Google has done more for the world with ngrams

Data is valuable asset for a company in the Internet world. With data of users, a company can gain lots of benefits. They can push specified ads to users by analyzing user behaviors, they can even sell the data to third parties. Data is very important for a company's success, so some companies will keep their data secret in order to gain advantages over competitors. However, Google seems do it in another way.

Google shared their ngrams text corpus publicly, which basically contains valuable information about all the books they scanned and search queries users made. Using this data, researchers or competing firms can create new natural language processing applications. This data is very valuable and sort of unique at this scale, so why does Google give it away for free?
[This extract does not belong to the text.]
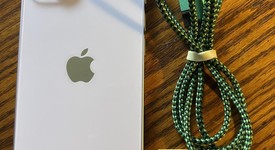 Mint
													Apple iPhone 14 - Unlocked, Purple, 128 GB, A2649, photo 2 of 12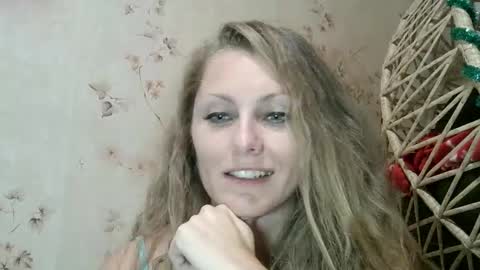 Snapshot of roxyfox18x01 chatting on 10/03/25, 08:06 roxyfox18x01 online show from 10/03/25, 08:06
Jon Orwant, a Google Research manager shared the reasons behind this decision:

  1. It would help researchers conduct experiments they couldn't perform any other way.
  2. It would help draw attention to an ancillary benefit of scanning millions of books.
  3. It would help others improve their NLP applications.
  4. Why not share?

Jon is also very pleased with this decision.  He says Google makes many charitable donations; hopefully this can be viewed as an act of charity where the medium is not money but data.

While in contrast, most companies will keep their data privately which they spent much effort on gaining. There are no obligations for them to share these valuable data publicly. However, we still hope that more and more companies will open the door for data sharing to benefit the world.